======== Data listing

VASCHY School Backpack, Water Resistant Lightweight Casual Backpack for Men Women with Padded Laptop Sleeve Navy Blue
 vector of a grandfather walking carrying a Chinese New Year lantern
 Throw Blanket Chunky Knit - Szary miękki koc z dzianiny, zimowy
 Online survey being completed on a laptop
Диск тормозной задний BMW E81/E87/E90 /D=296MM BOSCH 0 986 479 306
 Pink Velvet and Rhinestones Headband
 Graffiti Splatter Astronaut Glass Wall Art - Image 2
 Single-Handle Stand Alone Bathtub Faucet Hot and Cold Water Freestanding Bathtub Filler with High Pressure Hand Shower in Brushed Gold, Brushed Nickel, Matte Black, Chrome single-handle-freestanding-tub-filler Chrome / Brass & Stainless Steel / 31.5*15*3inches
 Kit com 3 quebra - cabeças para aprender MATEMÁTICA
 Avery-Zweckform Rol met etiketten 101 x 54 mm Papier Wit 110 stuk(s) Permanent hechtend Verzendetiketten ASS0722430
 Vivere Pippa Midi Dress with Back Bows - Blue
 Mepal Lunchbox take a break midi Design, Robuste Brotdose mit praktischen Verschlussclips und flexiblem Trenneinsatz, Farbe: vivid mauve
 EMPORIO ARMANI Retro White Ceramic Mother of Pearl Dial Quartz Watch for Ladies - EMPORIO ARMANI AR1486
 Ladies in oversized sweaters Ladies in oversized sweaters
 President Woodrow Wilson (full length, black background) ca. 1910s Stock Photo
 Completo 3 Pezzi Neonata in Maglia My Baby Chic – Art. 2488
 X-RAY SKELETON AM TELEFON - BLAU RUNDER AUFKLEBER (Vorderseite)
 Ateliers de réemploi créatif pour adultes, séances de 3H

================

What is the number of lines in the records that contain the word "Ladies"? Answer with the number and nothing else.

2